If someone ignores a subrogation claim at first, the insurance company seeking recovery of damages will probably continue to reach out and send subrogation letters.
But if someone is facing subrogation for an accident they caused, they shouldn’t expect the insurance company to go away if they ignore them.
Eventually, depending on the amount of money in play, the insurance company might file a lawsuit against the negligent party or their insurance company.
If the case does end up in a lawsuit and the party being sued doesn’t believe they’re at fault, they’ll have the opportunity to prove that in court. Otherwise, they very well might end up having to pay damages.
If you’re found to be at-fault in an accident, it’s possible to end up with a subrogation claim against you. If the insurance company has paid out for a claim from their customer, they may come after you to recover their losses.
If that happens, you’ll receive a letter or phone call informing you of the subrogation claim.
These subrogation claims are most often handled between insurance companies, meaning your insurer might handle things on your end.
If you don’t have insurance, though, the claim will be against you directly. In that case, you’ll have to either prove that you weren’t actually at fault or you’ll have to pay the subrogation damages.
Subrogation is a necessary process for insurance companies if they want to recover their loss for claims that were the fault of a negligent third party and not their policyholder. And despite the financial stakes at play, insurance companies make mistakes. Let’s talk about some of the most common mistakes companies make when it comes to subrogation.
Waiting too long: There are statutes of limitations associated with certain types of claims, such as many auto and personal injury cases. If an insurance company waits until the statute of limitations has passed, they probably won’t be able to recover their damages.

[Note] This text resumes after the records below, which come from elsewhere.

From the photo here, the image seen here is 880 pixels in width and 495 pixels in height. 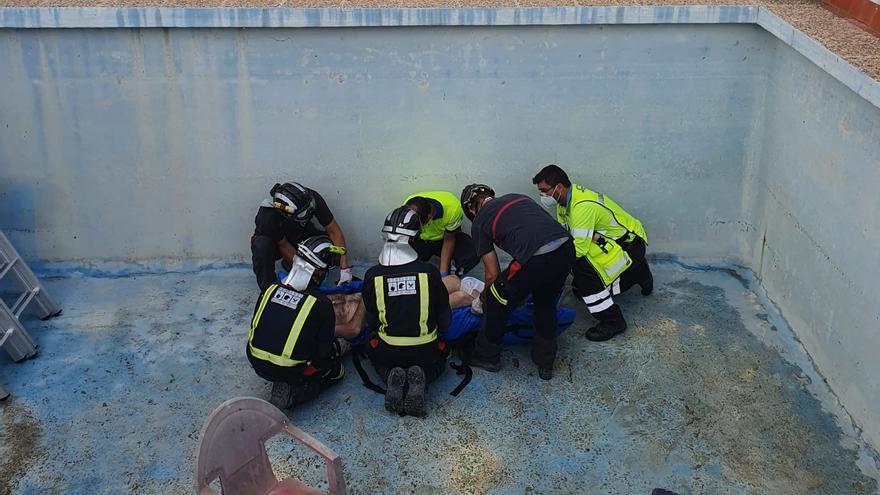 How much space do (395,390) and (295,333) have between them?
0.73m

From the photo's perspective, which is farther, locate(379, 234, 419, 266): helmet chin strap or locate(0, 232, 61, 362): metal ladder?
locate(0, 232, 61, 362): metal ladder

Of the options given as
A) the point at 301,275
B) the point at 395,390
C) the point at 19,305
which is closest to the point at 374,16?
the point at 301,275

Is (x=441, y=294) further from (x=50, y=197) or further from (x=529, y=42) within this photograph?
(x=50, y=197)

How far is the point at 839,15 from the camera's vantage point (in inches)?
246

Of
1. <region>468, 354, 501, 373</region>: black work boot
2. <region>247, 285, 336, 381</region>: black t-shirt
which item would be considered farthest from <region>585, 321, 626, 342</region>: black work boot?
<region>247, 285, 336, 381</region>: black t-shirt

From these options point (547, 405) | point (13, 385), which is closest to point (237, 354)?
point (13, 385)

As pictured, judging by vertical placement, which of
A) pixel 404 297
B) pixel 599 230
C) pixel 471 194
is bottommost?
pixel 404 297

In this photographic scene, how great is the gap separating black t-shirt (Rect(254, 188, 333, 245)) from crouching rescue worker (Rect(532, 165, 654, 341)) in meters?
1.68

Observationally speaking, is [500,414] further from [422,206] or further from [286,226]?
[286,226]

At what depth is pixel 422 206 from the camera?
6.20m

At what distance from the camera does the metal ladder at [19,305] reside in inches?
228

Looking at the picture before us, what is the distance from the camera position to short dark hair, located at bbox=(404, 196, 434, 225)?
242 inches

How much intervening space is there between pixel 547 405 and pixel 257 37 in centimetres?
343

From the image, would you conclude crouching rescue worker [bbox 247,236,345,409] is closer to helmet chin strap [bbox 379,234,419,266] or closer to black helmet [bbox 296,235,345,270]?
black helmet [bbox 296,235,345,270] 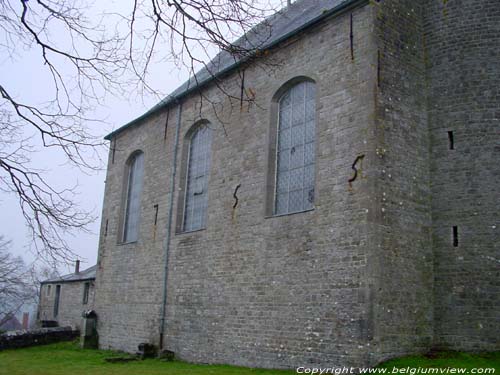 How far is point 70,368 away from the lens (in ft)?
45.0

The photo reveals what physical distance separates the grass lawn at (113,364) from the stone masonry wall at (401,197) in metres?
0.69

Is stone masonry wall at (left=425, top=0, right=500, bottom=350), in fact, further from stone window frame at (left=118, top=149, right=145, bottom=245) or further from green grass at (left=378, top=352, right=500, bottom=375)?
stone window frame at (left=118, top=149, right=145, bottom=245)

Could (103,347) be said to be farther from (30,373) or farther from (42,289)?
(42,289)

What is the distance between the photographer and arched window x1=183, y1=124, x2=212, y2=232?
15.7m

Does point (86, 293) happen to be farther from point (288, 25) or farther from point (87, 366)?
point (288, 25)

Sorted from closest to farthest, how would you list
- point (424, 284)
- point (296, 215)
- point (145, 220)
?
point (424, 284)
point (296, 215)
point (145, 220)

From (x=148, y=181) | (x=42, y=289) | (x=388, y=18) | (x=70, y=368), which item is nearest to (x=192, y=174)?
(x=148, y=181)

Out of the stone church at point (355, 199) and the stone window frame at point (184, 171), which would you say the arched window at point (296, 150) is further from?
the stone window frame at point (184, 171)

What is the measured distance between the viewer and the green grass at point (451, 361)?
9.66 m

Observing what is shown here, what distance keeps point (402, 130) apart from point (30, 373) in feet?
32.7

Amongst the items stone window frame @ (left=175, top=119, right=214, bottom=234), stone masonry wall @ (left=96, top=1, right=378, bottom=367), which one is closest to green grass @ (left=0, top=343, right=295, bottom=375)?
stone masonry wall @ (left=96, top=1, right=378, bottom=367)

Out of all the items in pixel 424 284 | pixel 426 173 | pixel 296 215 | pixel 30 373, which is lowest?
pixel 30 373

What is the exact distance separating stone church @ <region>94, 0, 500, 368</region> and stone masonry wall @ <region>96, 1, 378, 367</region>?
4cm

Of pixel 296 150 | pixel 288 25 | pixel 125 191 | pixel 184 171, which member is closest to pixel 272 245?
pixel 296 150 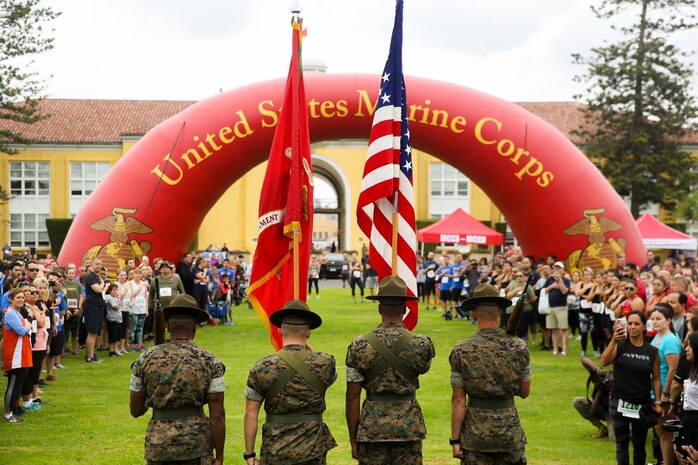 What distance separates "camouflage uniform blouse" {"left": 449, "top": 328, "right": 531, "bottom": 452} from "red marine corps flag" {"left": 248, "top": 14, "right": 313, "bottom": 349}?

Ignoring third-party liability: There might be a situation where an insurer ignores or fails to recognize the fault of a third party when a policyholder files a claim. This means lost money for the insurer, and possibly for the insured.
Failure to prove subrogation: It is up to the insurer seeking subrogation to prove that the third party was negligent or at-fault. Sometimes, especially when the other party denies fault, this takes some investigation on the part of the insurer. And sometimes they fail to do a sufficient investigation.
Not knowing about a waiver of subrogation: Remember those waivers of subrogation we talked about earlier? Not being aware of such a waiver could cause an insurance company to spend money on subrogation efforts needlessly.